In diesen schwierigen Zeiten spielt sich die Bundeswehr als guter Arbeitgeber auf, da wären Jobs sicher und man könnte auch kräftig Geld sparen. Viele gehen wegen der trüben Perspektiven auf dem Arbeitsmarkt zum „Bund". Der Nachwuchs der besser etablierten Schichten kann besseres mit seiner Zeit anfangen, als für die Kriege des westlichen Militärbündnisses Kanonenfutter zu spielen. Aus den Familien, die keine Sorgen mit dem Arbeitsmarkt haben, kommen auch eher weniger Freiwillige, die auf den platten Nationalismus hereinfallen _ von wegen „das Vaterland in Not", und zwar „am Hindukusch".

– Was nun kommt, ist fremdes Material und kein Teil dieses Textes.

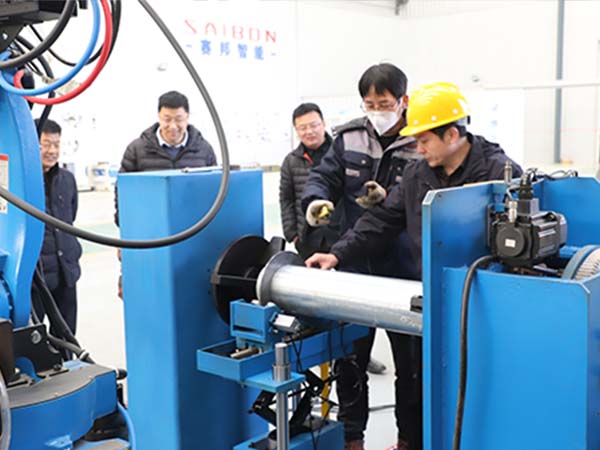 自動焊接機(jī)器人工作站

Dazu werden Feindbilder geschaffen. Gestern waren es „die Russen", gerade ist es „der islamische Terror" - und in naher Zukunft werden es der Iran, „die Chinesen" sein - oder sonst wer, der sich gerade mit den kapitalistischen Zentren zerstritten hat.

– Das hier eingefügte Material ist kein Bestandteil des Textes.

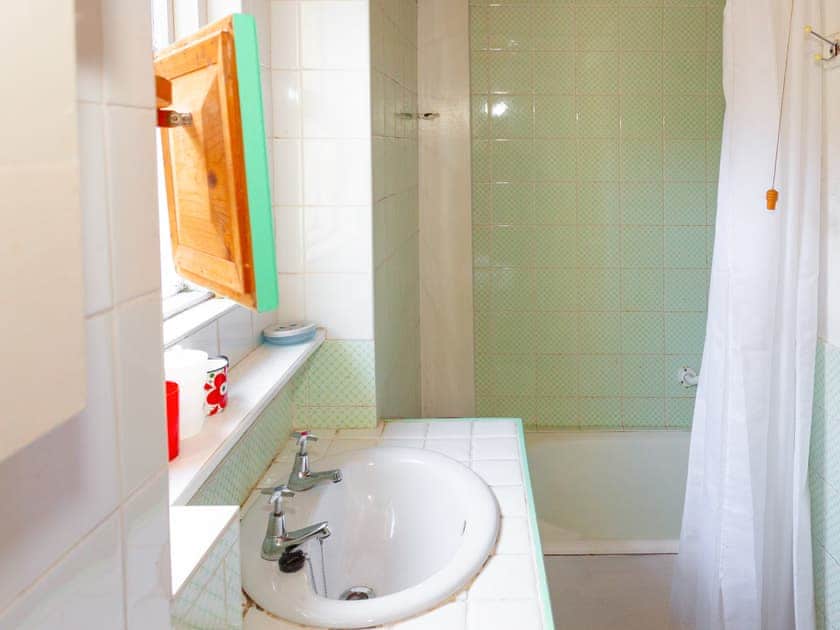 Shower room | Red - Coastal Path Cottages, Trefor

Der nächste Krieg kommt bestimmt. Und seit Schröder steht wieder fest: kein Krieg mehr ohne deutsche Beteiligung. Durch Rüstungslieferungen ist Deutschland sowieso überall dabei. Über den Einsatz deutscher Truppen wird von Fall zu Fall entschieden. So beteiligt sich die Bundeswehr mit immer mehr SoldatInnen und an immer mehr Kriegen. Solche Kriege werden z.B. wegen geostrategischer Interessen geführt: in Zentral-Asien will „der Westen" unter anderem militärische Überlegenheit gegenüber Russland und China demonstrieren.

Am „Horn von Afrika" wird für die Sicherung der Interessen der „Außenwirtschaft" gekämpft. Wegen dem Zugang zu Märkten wurden auch schon Kriege geführt. Schließlich werden dadurch immer wieder ganze Volkswirtschaften ruiniert. Die „globale Öffnung der Märkte" brachte selbst für die „Schwellenländer" alles andere als stabile Verhältnisse. Die Militäreinsätze dienen einer kapitalistischen Weltordnung, die neben der Weltwirtschaftskrise lauter akute Brandherde hervorbringt.

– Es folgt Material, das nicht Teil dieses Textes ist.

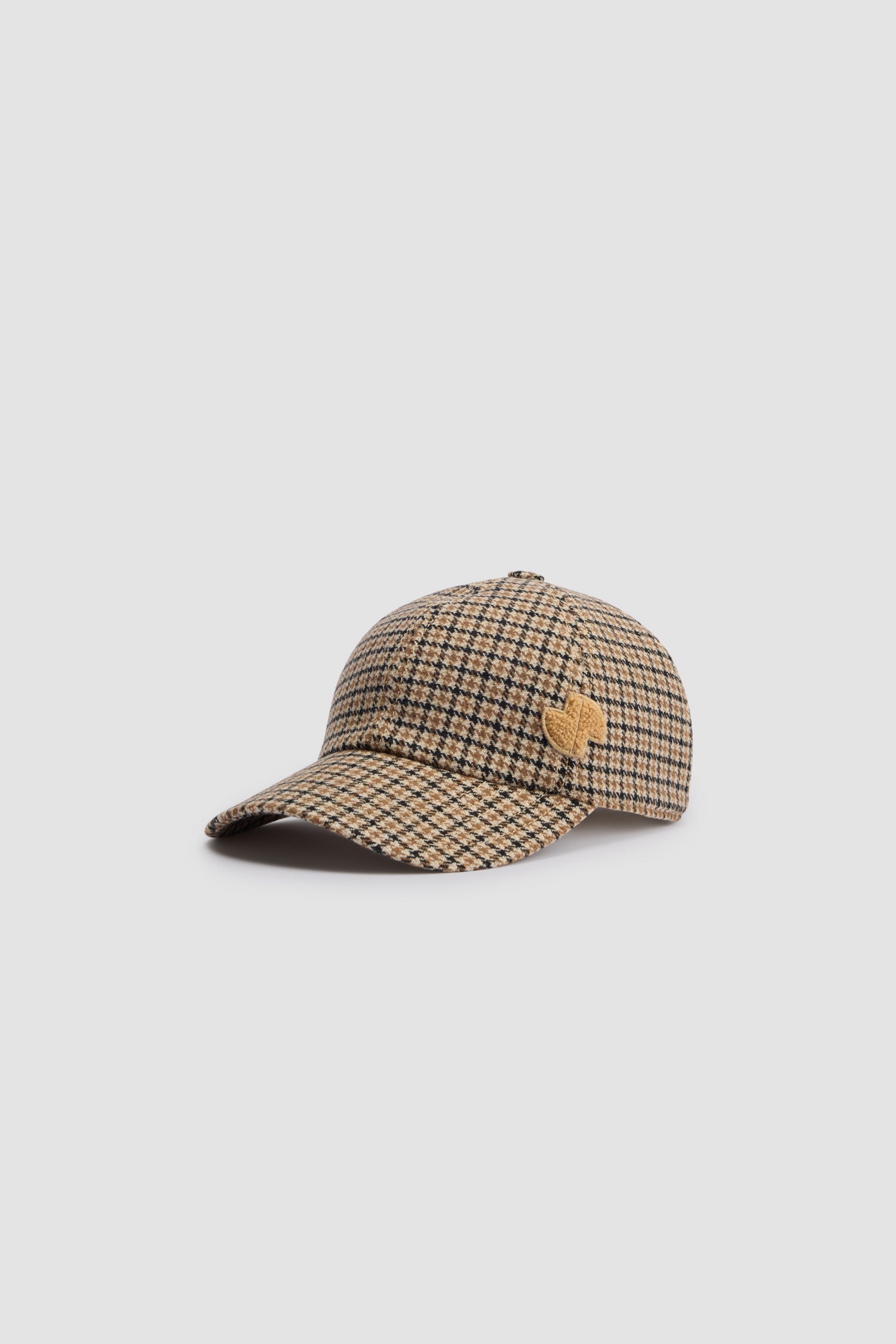 Patou - サステナブル ウールブレンド パターン JPキャップ - Houndstooth - サステナブルなウール混素材を用いたベースボールハット。千鳥格子柄。サイドにJPブークレパッチ。バックに伸縮性のあるストラップ。ユニセックス スタイル。サイズ:S:頭周り 55cmM:頭周り 57cmL:頭周り 59cm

Beim Einsatz der Bundeswehr geht es darum, den Reichtum der ganzen Welt für das hiesige Wirtschaftssystem auszunutzen. Es geht darum, die Verhältnisse, die unser Leben hier verschlechtern, in die weite Welt zu tragen. Es geht um noch mehr globale Freiheiten, die das Kapital gerne genießen möchte. Es geht um noch mehr Armut für die Mehrheit und darum, dass immer mehr Reichtum für eine kleine Minderheit produziert wird. Dies spiegelt sich auch im Weltmaßstab wieder.

Die unvermeidliche Folge dieser kapitalistischen Zustände sind Millionen von Todesopfern. Wo man die Menschen nicht gleich dem Hungertod überlässt, werden sie unter Sklaverei-ähnlichen Arbeitsverhältnissen bis aufs Knochenmark ausgebeutet - auch von deutschen Konzernen. Dies erleiden Menschen nicht nur in ihren „Heimatländern", sondern auch als illegalisierte Migrantinnen in Deutschland. So profitierten die Konzerne von der Armut, die sie selbst mit geschaffen haben.

Diese Politik liegt nicht in unserem Interesse, sondern im Gegenteil. Sie schadet uns und unseren Lebensgrundlagen in der Natur. Die Jugend soll im Krieg für mehr Profite ihr Leben lassen und die Weltsicherheitslage verschärft sich so, dass kommende Kriege auch in Europa nicht auszuschließen sind.

Nach den Sternen greifen...

Für uns ist diese ganze Entwicklung nicht mehr länger hinnehmbar. Der Agenda der Sozial- und Lohnkürzungen müssen wir unsere Agenda des Widerstandes entgegensetzen. Wir müssen uns organisieren und unsere Stimme gemeinsam erheben. Wir haben verstanden, dass nicht irgendwelche Auswüchse oder Pannen des Systems an unseren Problemen Schuld sind. Das System erfüllt gerade seinen Zweck, in dem er uns in die Armut treibt und dadurch das Vermögen der Kapitalisten vermehrt.

Es gilt also unseren Kampf gegen dieses kapitalistische System zu organisieren. Der Kampf beginnt nicht am 1. Mai und endet auch nicht mit ihm. Es ist notwendig, zum Widerstand entschlossene Menschen zu sammeln und gemeinsam aktiv zu werden. Damit der Widerstand geleistet werden kann, der geleistet werden muss und z.B. der bundesweite Aktionstag am 12.6. gegen die kapitalistische Krise ein Erfolg wird!

Es ist uns klar, dass wir die Wirtschaft und die Gesellschaft radikal und revolutionär ändern müssen, damit der Mensch und seine Bedürfnisse im Mittelpunkt des Wirtschaftens steht. Wir wollen nicht mehr auf morgen oder ins Jenseits vertröstet werden. Wir haben nur ein Leben, und das findet hier und heute statt, deshalb lasst uns gemeinsam für ein besseres Leben kämpfen!

Kommt zur revolutionären 1. Mai Demonstration!